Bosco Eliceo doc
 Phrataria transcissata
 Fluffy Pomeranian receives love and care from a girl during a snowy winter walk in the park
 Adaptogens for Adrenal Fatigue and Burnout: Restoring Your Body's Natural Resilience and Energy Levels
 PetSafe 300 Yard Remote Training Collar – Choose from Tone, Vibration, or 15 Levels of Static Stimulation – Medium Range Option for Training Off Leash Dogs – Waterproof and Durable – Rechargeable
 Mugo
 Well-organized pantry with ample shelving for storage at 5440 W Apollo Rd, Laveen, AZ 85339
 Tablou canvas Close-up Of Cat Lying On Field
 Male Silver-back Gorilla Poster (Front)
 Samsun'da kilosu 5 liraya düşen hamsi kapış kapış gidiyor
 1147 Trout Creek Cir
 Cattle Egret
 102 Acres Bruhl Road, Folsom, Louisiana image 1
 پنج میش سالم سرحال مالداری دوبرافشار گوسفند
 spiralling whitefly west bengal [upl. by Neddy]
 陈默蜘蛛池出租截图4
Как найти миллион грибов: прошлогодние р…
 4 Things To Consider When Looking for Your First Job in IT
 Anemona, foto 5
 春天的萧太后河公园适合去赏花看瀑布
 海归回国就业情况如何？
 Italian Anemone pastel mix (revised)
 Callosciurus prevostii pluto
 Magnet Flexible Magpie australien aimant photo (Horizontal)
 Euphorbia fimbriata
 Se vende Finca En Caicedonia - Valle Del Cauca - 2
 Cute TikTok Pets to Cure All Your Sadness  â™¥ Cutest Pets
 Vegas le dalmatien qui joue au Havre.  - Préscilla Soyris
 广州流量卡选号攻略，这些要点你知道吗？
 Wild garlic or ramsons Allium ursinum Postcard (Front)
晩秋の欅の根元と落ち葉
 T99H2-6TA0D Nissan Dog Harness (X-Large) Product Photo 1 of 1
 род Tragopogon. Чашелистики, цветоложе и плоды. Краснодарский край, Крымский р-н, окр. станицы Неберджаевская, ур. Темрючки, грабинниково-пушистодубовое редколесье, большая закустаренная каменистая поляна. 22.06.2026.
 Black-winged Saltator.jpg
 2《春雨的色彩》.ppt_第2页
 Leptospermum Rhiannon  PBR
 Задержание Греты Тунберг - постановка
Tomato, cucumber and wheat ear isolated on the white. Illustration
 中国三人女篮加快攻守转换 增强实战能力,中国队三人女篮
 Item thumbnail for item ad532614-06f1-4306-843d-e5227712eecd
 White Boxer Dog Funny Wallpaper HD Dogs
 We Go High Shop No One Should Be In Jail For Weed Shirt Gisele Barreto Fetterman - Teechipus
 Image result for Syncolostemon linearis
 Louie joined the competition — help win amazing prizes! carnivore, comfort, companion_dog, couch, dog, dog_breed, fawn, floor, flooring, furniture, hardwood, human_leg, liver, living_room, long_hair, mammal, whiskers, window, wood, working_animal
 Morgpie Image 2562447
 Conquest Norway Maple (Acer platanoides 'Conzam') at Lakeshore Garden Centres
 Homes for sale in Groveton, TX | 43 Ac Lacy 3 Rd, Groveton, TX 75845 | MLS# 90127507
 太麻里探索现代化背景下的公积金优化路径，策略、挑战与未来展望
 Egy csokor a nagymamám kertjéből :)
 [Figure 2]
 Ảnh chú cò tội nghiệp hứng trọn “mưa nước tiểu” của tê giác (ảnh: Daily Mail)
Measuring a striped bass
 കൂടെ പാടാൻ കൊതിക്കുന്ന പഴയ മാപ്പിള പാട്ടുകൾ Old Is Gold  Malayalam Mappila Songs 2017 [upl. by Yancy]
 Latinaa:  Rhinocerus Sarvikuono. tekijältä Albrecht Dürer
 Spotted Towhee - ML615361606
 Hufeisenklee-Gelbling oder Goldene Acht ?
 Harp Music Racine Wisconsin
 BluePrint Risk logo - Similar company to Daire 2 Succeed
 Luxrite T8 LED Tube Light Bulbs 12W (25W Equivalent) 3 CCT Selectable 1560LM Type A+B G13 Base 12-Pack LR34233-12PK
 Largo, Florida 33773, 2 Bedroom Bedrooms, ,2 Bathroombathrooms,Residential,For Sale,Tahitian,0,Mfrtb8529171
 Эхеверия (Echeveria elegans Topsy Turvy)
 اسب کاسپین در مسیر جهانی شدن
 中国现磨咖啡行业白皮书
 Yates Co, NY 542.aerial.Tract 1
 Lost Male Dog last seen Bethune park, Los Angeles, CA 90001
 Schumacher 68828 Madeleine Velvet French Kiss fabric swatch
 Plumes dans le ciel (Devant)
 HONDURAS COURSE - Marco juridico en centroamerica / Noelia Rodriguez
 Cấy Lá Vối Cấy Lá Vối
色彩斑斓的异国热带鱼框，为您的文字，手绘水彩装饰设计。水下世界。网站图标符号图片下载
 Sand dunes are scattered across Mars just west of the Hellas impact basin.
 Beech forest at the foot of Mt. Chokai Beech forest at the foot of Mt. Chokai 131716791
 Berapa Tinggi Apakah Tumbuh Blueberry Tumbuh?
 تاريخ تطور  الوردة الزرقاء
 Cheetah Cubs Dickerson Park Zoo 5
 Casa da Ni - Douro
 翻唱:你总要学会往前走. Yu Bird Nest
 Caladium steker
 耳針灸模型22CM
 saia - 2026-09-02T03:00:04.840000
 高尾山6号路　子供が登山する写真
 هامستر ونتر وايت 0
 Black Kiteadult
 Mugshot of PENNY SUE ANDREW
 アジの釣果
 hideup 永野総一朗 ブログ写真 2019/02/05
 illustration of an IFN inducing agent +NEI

========

_What is needed:_ Both end lines included, restate word for word the lines above from the line with "Euphorbia fimbriata" to the line with "太麻里探索现代化背景下的公积金优化路径，策略、挑战与未来展望", and nothing else.

_Response for this exercise:_
 Euphorbia fimbriata
 Se vende Finca En Caicedonia - Valle Del Cauca - 2
 Cute TikTok Pets to Cure All Your Sadness  â™¥ Cutest Pets
 Vegas le dalmatien qui joue au Havre.  - Préscilla Soyris
 广州流量卡选号攻略，这些要点你知道吗？
 Wild garlic or ramsons Allium ursinum Postcard (Front)
晩秋の欅の根元と落ち葉
 T99H2-6TA0D Nissan Dog Harness (X-Large) Product Photo 1 of 1
 род Tragopogon. Чашелистики, цветоложе и плоды. Краснодарский край, Крымский р-н, окр. станицы Неберджаевская, ур. Темрючки, грабинниково-пушистодубовое редколесье, большая закустаренная каменистая поляна. 22.06.2026.
 Black-winged Saltator.jpg
 2《春雨的色彩》.ppt_第2页
 Leptospermum Rhiannon  PBR
 Задержание Греты Тунберг - постановка
Tomato, cucumber and wheat ear isolated on the white. Illustration
 中国三人女篮加快攻守转换 增强实战能力,中国队三人女篮
 Item thumbnail for item ad532614-06f1-4306-843d-e5227712eecd
 White Boxer Dog Funny Wallpaper HD Dogs
 We Go High Shop No One Should Be In Jail For Weed Shirt Gisele Barreto Fetterman - Teechipus
 Image result for Syncolostemon linearis
 Louie joined the competition — help win amazing prizes! carnivore, comfort, companion_dog, couch, dog, dog_breed, fawn, floor, flooring, furniture, hardwood, human_leg, liver, living_room, long_hair, mammal, whiskers, window, wood, working_animal
 Morgpie Image 2562447
 Conquest Norway Maple (Acer platanoides 'Conzam') at Lakeshore Garden Centres
 Homes for sale in Groveton, TX | 43 Ac Lacy 3 Rd, Groveton, TX 75845 | MLS# 90127507
 太麻里探索现代化背景下的公积金优化路径，策略、挑战与未来展望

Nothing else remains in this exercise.